Im Unterschied zum klassischen Heilfasten – bei dem für einen Zeitraum von einigen Tagen oder Wochen auf feste Nahrung verzichtet wird –, wird seit einiger Zeit außerdem das so genannte Intervallfasten propagiert, bei dem nur einige Stunden oder einzelne Tage gefastet wird. Längere Pausen zwischen den Mahlzeiten können dem Körper guttun und ein besseres Gefühl für Hunger und Sättigung vermitteln. Ein bereits gestörtes Essverhalten kann durch radikales Fasten allerdings – ähnlich wie bei einer Diät – ins Gegenteil umschlagen oder unkontrollierte Heißhungerattacken auslösen. Daher stellt sich beim Fasten immer die Frage nach der Motivation: Es kann als Zeit der geistigen und körperlichen Selbstbesinnung dienen – unter Umständen aber auch dafür, Abnehmwünsche zu erfüllen, Tendenzen zu einer Essstörung zu verschleiern und diese damit im schlimmsten Fall noch verstärken.

Lebensmittelunverträglichkeiten

Der Begriff der Lebensmittelunverträglichkeiten umfasst Allergien (z. B. gegen Erdnüsse), Intoleranzen (wie bei Laktose oder Gluten), aber auch Überempfindlichkeitsreaktionen, etwa gegenüber bestimmten Zusatzstoffen. Diese Reaktionen werden in der öffentlichen Wahrnehmung oft vermischt oder verwechselt. Zum Vergleich: Etwa 20 Prozent der Erwachsenen in den Industrieländern berichten über Unverträglichkeitsreaktionen, Lebensmittelallergien treten aber nur bei 1 bis 5 Prozent auf.71

Die Häufigkeit von Unverträglichkeiten und Allergien nimmt weltweit zu. Laut der Deutschen Zöliakie Gesellschaft e. V. ging man bis vor einigen Jahren davon aus, dass im Durchschnitt etwa einer von 1000 bis 2000 Deutschen von Zöliakie (einer Entzündung des Darms durch das in manchen Getreidesorten enthaltene Klebereiweiß Gluten) betroffen ist, neuere Untersuchungen zeigen, dass die Häufigkeit tatsächlich etwa bei 1:100 liegt. Allerdings liegt dabei nur bei 10 bis 20 Prozent der Betroffenen das Vollbild einer Zöliakie vor.72

Immer wieder allerdings nehmen Menschen nur an, dass sie an einer Unverträglichkeit leiden – etwa weil sie diffuse Symptome nach dem Essen oder Verdauungsbeschwerden wahrnehmen. Sie kaufen daher vorsorglich gluten- oder laktosefreie Produkte, weil sie diese für generell gesünder und besser halten. Auch aus diesem Grund stellen Lebensmittel, die auf bestimmte Inhaltsstoffe verzichten, einen Wachstumsmarkt dar: Die weltweit größte Ernährungsmesse Anuga erklärte „Frei von …“ zum Trendthema und zur stärksten Marktkategorie 2019. Bereits ein Jahr zuvor trug fast ein Viertel aller neu eingeführten Lebensmittel einen entsprechenden Hinweis.73

Während allergenfreie Produkte für Menschen mit nachgewiesenen Allergien natürlich existenziell sind, ist es gesundheitlich unsinnig, die Ernährung ohne eine klare medizinische Diagnose umzustellen. Gleichzeitig belastet es den Geldbeutel, denn die Spezialprodukte sind in der Regel deutlich teurer.

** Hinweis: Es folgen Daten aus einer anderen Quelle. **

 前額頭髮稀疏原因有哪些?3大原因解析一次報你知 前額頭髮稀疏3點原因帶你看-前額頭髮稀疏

Manchmal kann sich hinter einer vermeintlichen Unverträglichkeit auch eine beginnende Essstörung verbergen: Die Selbstdiagnose „Intoleranz“ (ohne ärztliche Bestätigung) bestärkt diejenigen, die ihr Essverhalten ohnehin kontrollieren möchten, sich intensiv mit dem Thema Ernährung zu beschäftigen. Gleichzeitig bietet es ihnen eine willkommene Gelegenheit, auch nach außen hin zu vertreten, dass diese oder jene Lebensmittel für sie schädlich sind – der Körper „verbietet“ diese ja geradezu. Auf diese Weise kann eine Essproblematik versteckt bzw. verleugnet werden – vor anderen oder sogar vor sich selbst.

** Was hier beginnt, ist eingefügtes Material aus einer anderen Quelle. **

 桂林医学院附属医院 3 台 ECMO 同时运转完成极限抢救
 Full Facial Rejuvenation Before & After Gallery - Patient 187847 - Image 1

Essen als „Ersatzreligion“

Während unser Alltag komplexer und fordernder wird, nimmt Einsamkeit auch unter jüngeren Menschen zu. Der Wunsch nach sozialer Identität und Gemeinschaft, nach Einkehr und Sinnhaftigkeit wurde früher oft vom Glauben und einer Gemeinde abgedeckt. Heute bedienen andere Lebensbereiche diese Bedürfnisse. Statt in die Kirche gehen wir vielleicht sonntags ins Yoga-Studio, um Ruhe und Besinnung zu finden. Über einen bestimmten Lebensstil lässt sich Anschluss an eine Community finden. Coaching, Persönlichkeitsentwicklung und Ernährungsberatung können eine Seelsorgefunktion einnehmen. Auf diese Weise bekommen die Bereiche Gesundheit, Sport und Ernährung einen sehr hohen Stellenwert – und können im Extrem zu einer Art „Ersatzreligion“ werden.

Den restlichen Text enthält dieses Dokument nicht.